III and IV. Concession and takedown. An offering agreement among underwriters is also referred to as the agreement among underwriters, the account letter, the syndicate agreement, and the syndicate letter. This agreement outlines the terms under which the account will be managed. The only items found on this agreement are those pertaining to the underwriting -- such as levels of participation and the scale, which include the concession, takedown, manager's fee -- and any requirements by the lead manager of the syndicate. This agreement among the underwriters does not include the appointment of the bond counsel or its resulting legal opinion. The bond counsel is hired directly by the issuer.

A municipal underwriter is bidding on a general obligation serial bond in a net interest cost bid. Which two of the following are required to find the total interest cost? I. The par value of the bonds at issuance II. The dated date III. The nominal yield for each of the maturity years IV. The bond years

III and IV. The nominal yield for each of the maturities is important to the issuer to see what the yearly debt service will be. The bond years, calculated by taking all of the interest and the discount or premium included in the interest x the number of years, are also very important to the issuer. The par value at issuance is not needed, since the issuer will be getting a set amount. However, the par value at maturity is important as the issuer needs to know what will have to be paid at maturity. The dated date is not important for bidding on the bonds, but it is important for determining accrued interest to the first interest payment.

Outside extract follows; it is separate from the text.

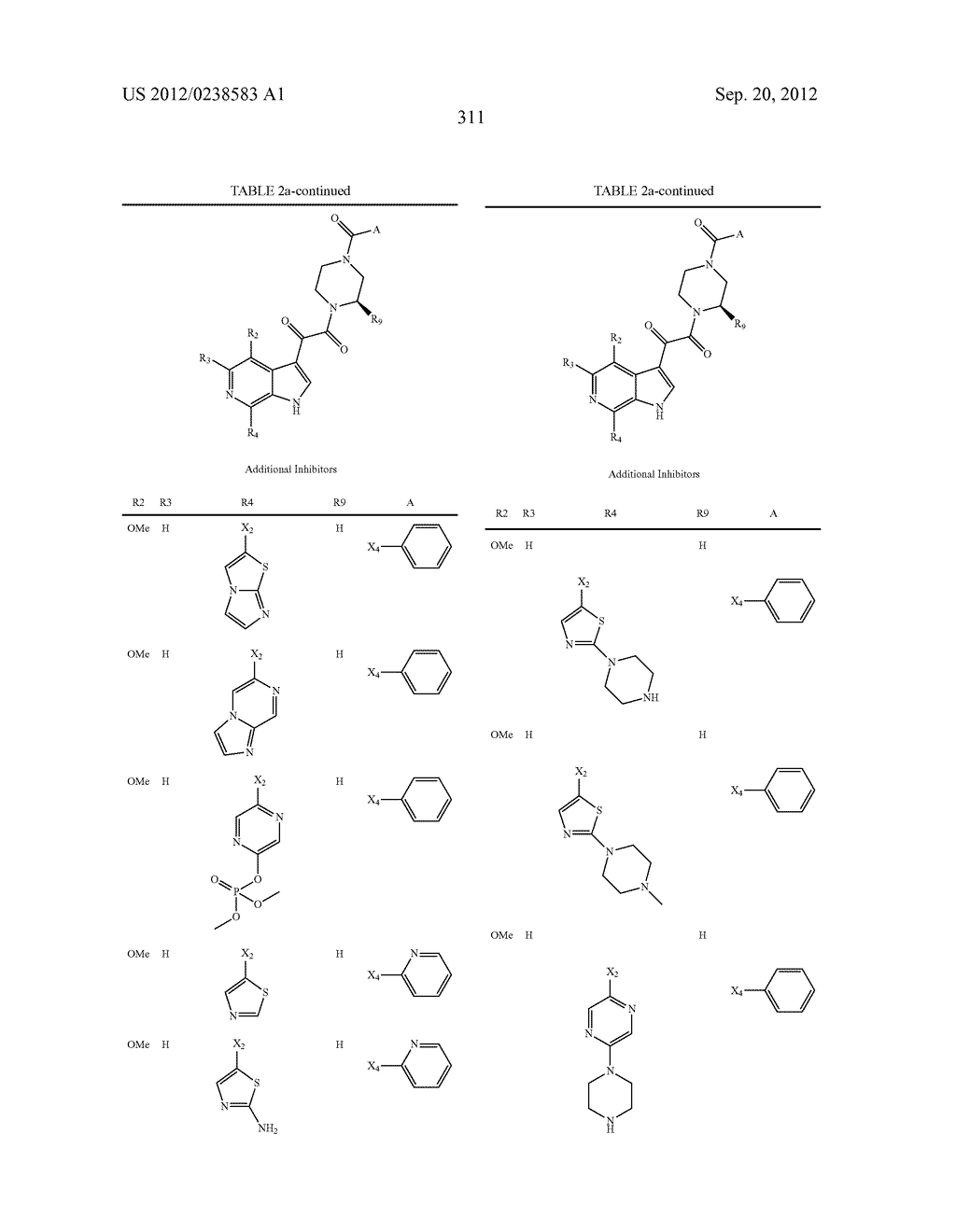 PHARMACEUTICAL FORMULATIONS OF SUBSTITUTED AZAINDOLEOXOACETIC PIPERAZINE     DERIVATIVES WITH PROTEASE INHIBITORS - diagram, schematic, and image 312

Who determines the tax-exempt status of a municipal bond?

IRS. The IRS determines the tax-exempt status of the bond. The bond counsel attests to the tax-exempt status of the bond. Remember -- the bond counsel is a lawyer knowledgeable in the laws of municipal bonds. The legal opinion by the bond counsel, in effect, states whether or not the bond is a legal municipal bond, and whether its interest can be expected to be exempt from taxes. Neither the SEC nor an underwriter has anything to do with the tax-exempt status of a bond.

The provisions for the allocation of funds of a revenue bond issue appear in the:

Official statement. How the funds raised are going to be used by the issuer of a revenue bond is provided in the official statement of the revenue bond. The official statement contains relevant information about the issue that an interested party would want to know. The allocation of the amount of bonds to be sold by each member is found in the syndicate agreement (letter). Offering circulars are used in conjunction with Regulation A offerings.

Municipal underwriters use many means of determining when to bring bonds to market and how much interest the bonds will bear. One of these calculations is the amount of newly issued bonds that are sold compared to the amount of new issues available in any one week. This comparison is called:

The placement ratio. This is the definition of the placement ratio, which is used by underwriters to see how well municipal bonds are selling as initial offerings. This is a weekly calculation that tells the underwriters the amount of bonds bought by customers as compared to how many were available.